KPSJ Radio 106.5, San Jose
Print Ad Parody
December 1972
This print ad for KPSJ Radio (106.5 FM) in San Jose appeared in the program for the San Francisco Milline Club’s December 15, 1972, production of “The King & I & Ted & Alice.”
The Milline Club was a local male-only organization, mostly made up of radio, television and advertising executives, that capped each year by staging a bawdy parody of a current motion picture or theatrical presentation. The show would feature the men of the club in various roles (male, female and somewhere in between), culminating with the appearance of a stripper to close the festivities.

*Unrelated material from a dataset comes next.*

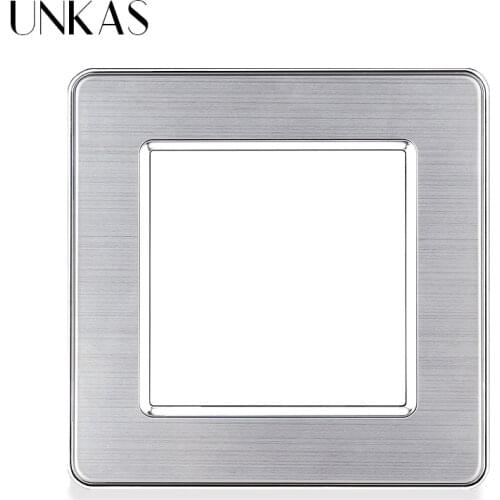 UNKAS B8 Single Stainless Steel Panel DIY Matching Modules For Wall Socket Switch Free Combination 86 146mm Outlet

Each year, the show program would feature numerous ad parodies for local radio and television stations, as well as other businesses, such as the one for KPSJ shown above.
KPSJ debuted in 1967 as KPLX, under the ownership of Bay Area broadcasting legend Les Malloy, from studios in the Hotel Sainte Claire in downtown San Jose. In December 1971, Malloy sold the station to PSA Broadcasting, a subsidiary of San Diego-based Pacific Southwest Airlines, for $330,000. In mid-1973, KPSJ’s call letters were changed to KEZR; those call letters remained with the station into 2000s.
PSA owned the station until August 1976 when it was sold for $600,000 to Joe Levitt’s Alta Broadcasting, which also owned San Jose’s KXRX (1500 AM).
SOURCE: Bay Area Radio Museum Collection, courtesy of Duane Wadsworth.
ORIGINAL SIZE: 5 inches (width) x 4 inches (height).